◆ **Task requirements**:
Although the entries contain pictures, only their words should be duplicated exactly.

(Stored dataset items)
* * * * * * * * *

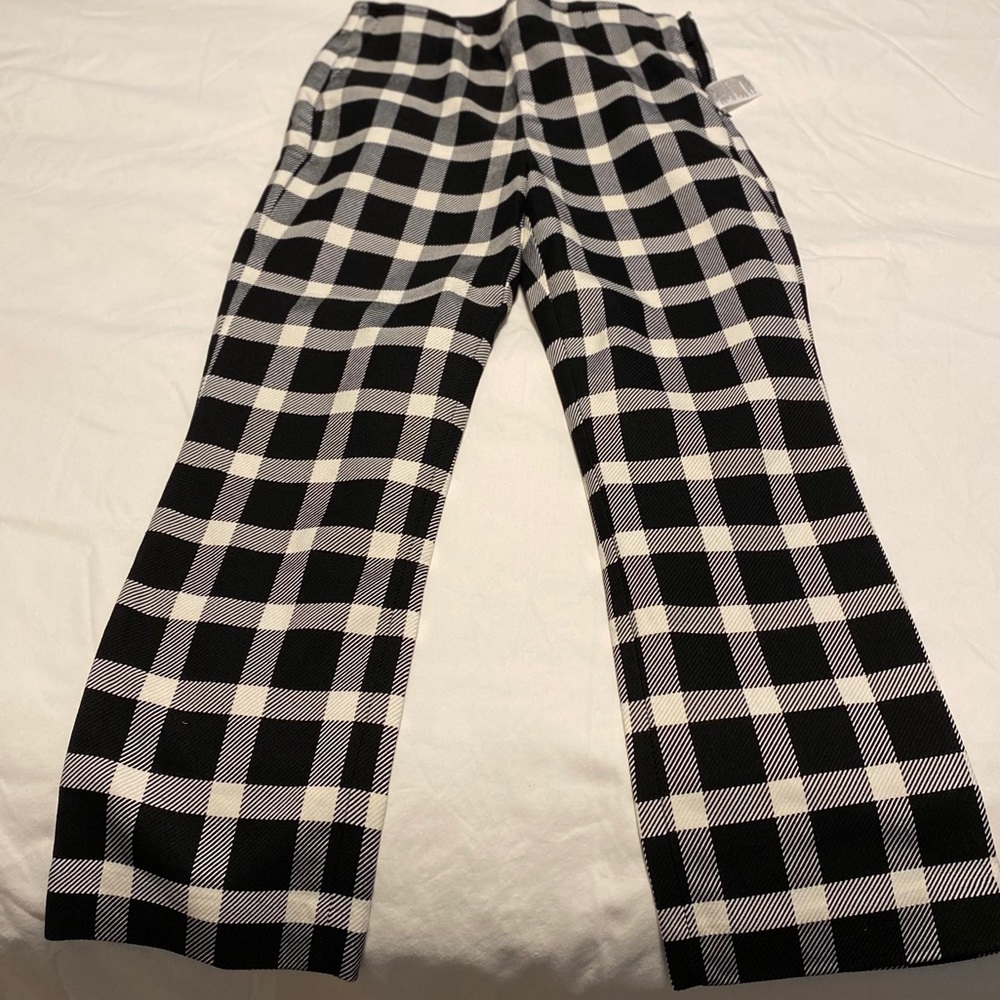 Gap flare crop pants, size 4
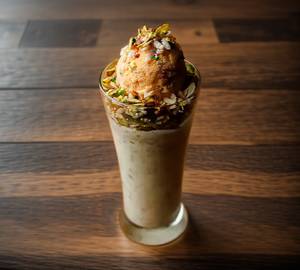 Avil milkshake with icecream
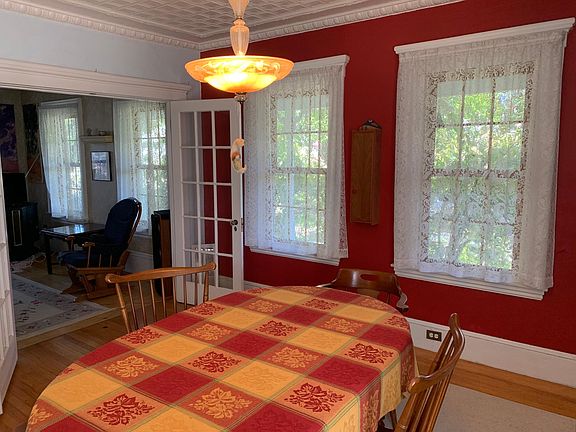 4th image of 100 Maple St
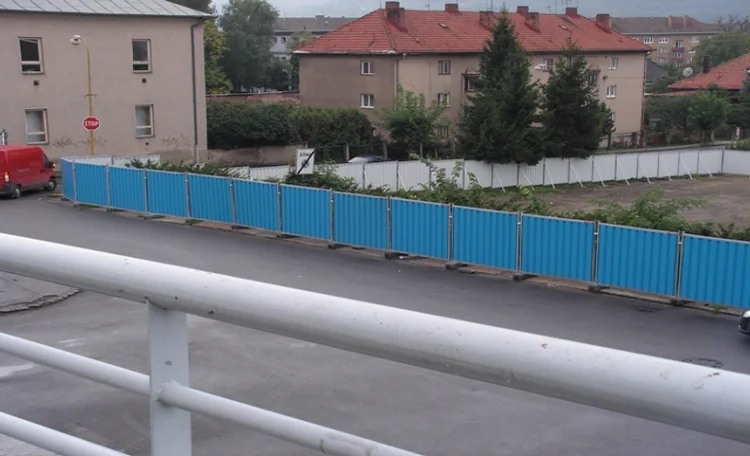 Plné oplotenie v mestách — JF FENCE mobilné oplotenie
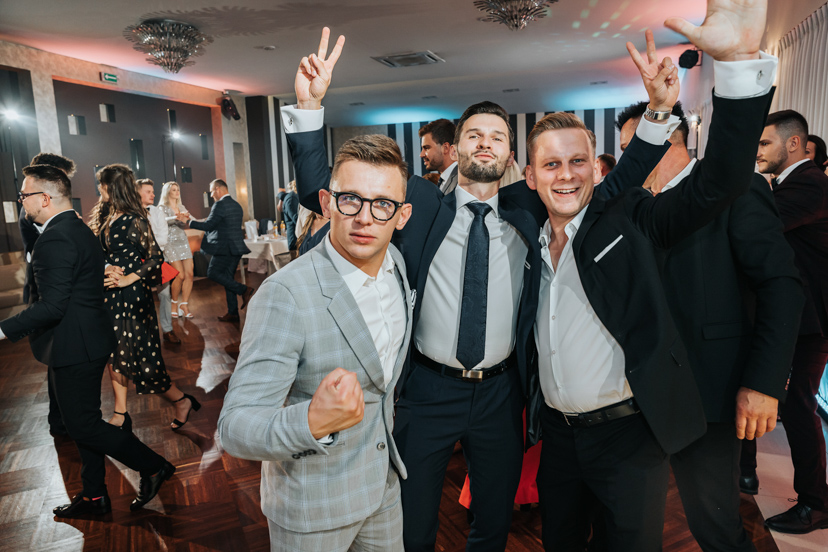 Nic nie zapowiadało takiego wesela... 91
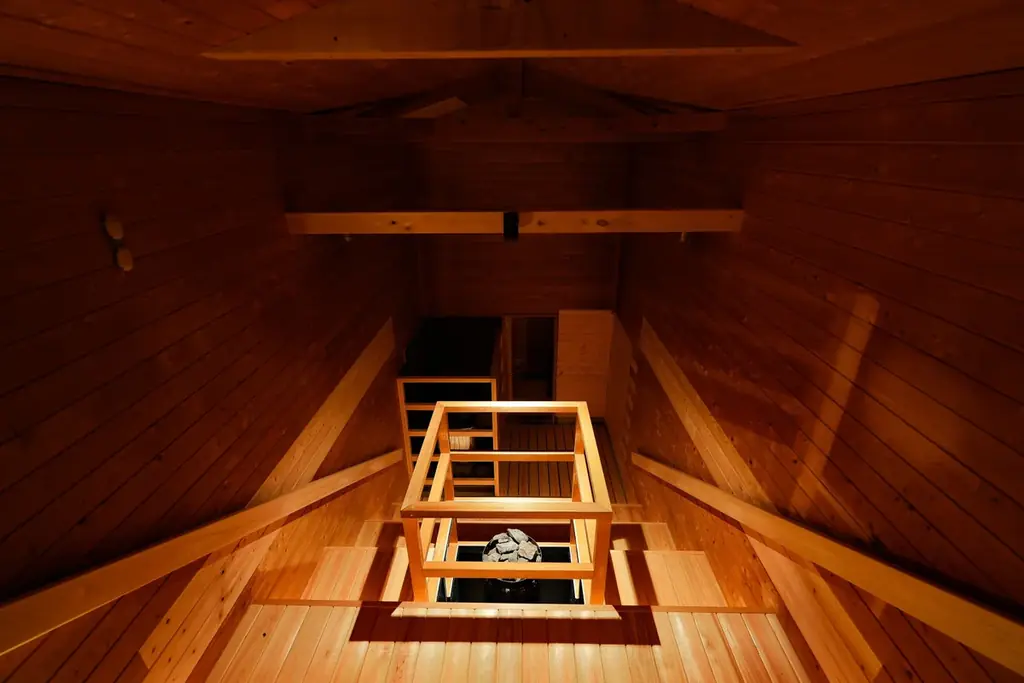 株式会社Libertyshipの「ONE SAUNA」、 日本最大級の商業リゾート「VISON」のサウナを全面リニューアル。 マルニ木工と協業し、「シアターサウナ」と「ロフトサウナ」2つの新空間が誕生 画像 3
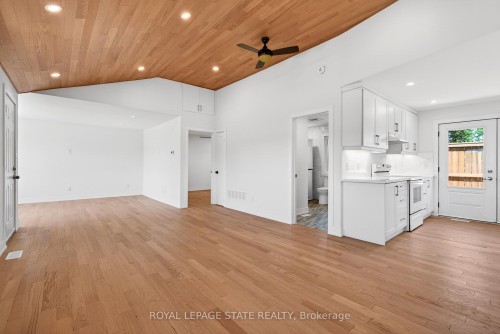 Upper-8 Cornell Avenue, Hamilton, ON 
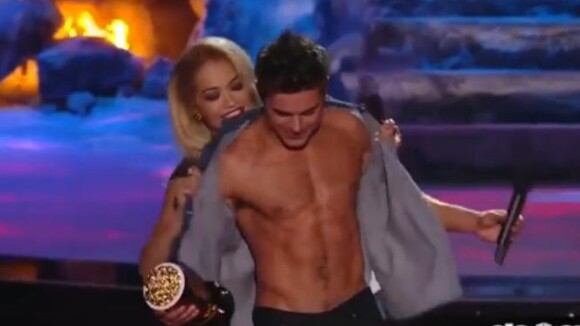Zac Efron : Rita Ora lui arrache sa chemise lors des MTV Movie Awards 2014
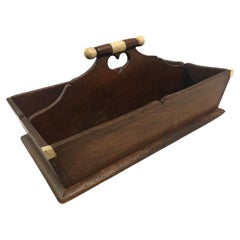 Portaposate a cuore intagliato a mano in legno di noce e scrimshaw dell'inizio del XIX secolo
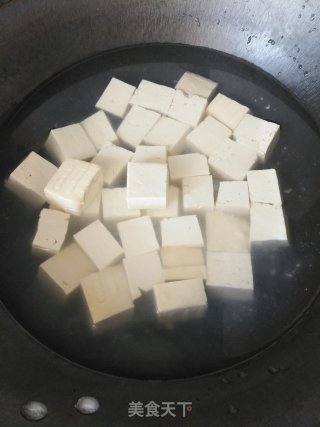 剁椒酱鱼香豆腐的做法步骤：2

* * * * * * * * *

◆ **The completed task**:
 Gap flare crop pants, size 4
 Avil milkshake with icecream
 4th image of 100 Maple St
 Plné oplotenie v mestách — JF FENCE mobilné oplotenie
 Nic nie zapowiadało takiego wesela... 91
 株式会社Libertyshipの「ONE SAUNA」、 日本最大級の商業リゾート「VISON」のサウナを全面リニューアル。 マルニ木工と協業し、「シアターサウナ」と「ロフトサウナ」2つの新空間が誕生 画像 3
 Upper-8 Cornell Avenue, Hamilton, ON 
Zac Efron : Rita Ora lui arrache sa chemise lors des MTV Movie Awards 2014
 Portaposate a cuore intagliato a mano in legno di noce e scrimshaw dell'inizio del XIX secolo
 剁椒酱鱼香豆腐的做法步骤：2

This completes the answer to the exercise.